Water levels in Lake Mead reached historic lows this week, with a measurement of 1,044.03 feet marking its lowest reading since the lake was first filled 150 years ago. This places the country’s biggest reservoir in the worrying position of approaching “dead pool” status, which occurs when the reservoir becomes so low that water is no longer able to flow downstream from the dam.
The lake will reach dead pool status if the reservoir drops below 895 feet, which is still a few years away but remains a concerning prospect for the millions of people in Arizona, Nevada, California and part of Mexico who rely on it for drinking water, power and irrigation.
Although dead pool status would not mean the lake was completely dry, there are concerns that the lake’s water levels could drop so low, even before reaching dead pool status, that it would compromise hydroelectric power production. When less water flows through turbines and there is less liquid pressure to spin them, they naturally produce less electricity, potentially leaving millions without a power source.
Lake Mead was created with the Hoover Dam in the early 1930s at the border between Nevada and Arizona on the Colorado River. The depletion of the lake is being attributed to persistent drought over the last 20 years as well as growing water demands.
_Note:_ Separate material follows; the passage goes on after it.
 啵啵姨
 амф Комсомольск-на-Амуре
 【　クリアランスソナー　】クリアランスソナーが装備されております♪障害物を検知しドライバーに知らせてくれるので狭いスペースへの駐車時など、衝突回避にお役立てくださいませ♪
The Interior Department has warned the seven states that depend on the Colorado River to find ways to dramatically reduce the amount of water they take in during the next two months in hopes of replenishing Lake Mead and Lake Powell, which is also dropping to dangerously low levels. The two reservoirs are at just 28 percent of full capacity, which means they are nearly three-fourths empty.
Lake Powell, which is situated on the Utah-Arizona border, is expected to drop more than 30 feet by March, which would put it just 16 feet away from the level where Glen Canyon Dam will not be able to generate electricity. The lake supplied the full energy needs of more than 300,000 homes last year.
The Colorado River has long been overused, with its flow dropping almost 20 percent since 2000. The federal government declared a shortage on the river last year for the first time, which saw cutbacks in deliveries of water to Nevada, Arizona and Mexico, while farmers in some parts of Arizona have had to leave fields dry and fallow.
Reclamation Commissioner Camille Touton said that significant cuts of 2 to 4 million acre-feet are needed next year to keep the reservoirs from reaching critical levels; California, Nevada and Arizona used around 7 million acre-feet of water from the Colorado River last year.
Southern Nevada Water Authority General Manager John Entsminger warned: “What has been a slow-motion train wreck for 20 years is accelerating, and the moment of reckoning is near.
“We are 150 feet (of elevation in Lake Mead) from 25 million Americans losing access to Colorado River water.”
Meanwhile, the newly exposed shorelines that are emerging are creating problems in the Lake Mead National Recreation Area. The park’s public affairs office reports that the combination of silt and mud in the newly exposed land is easy for people, vehicles and vessels to get stuck in, particularly when the sun hardens the top layer of dirt, which makes the ground appear more stable than it is.
Previously sunken boats are now starting to emerge at the lake, and those hoping to boat there are experiencing long wait times as boat ramp closures due to dropping water levels mean just a single launch ramp is available.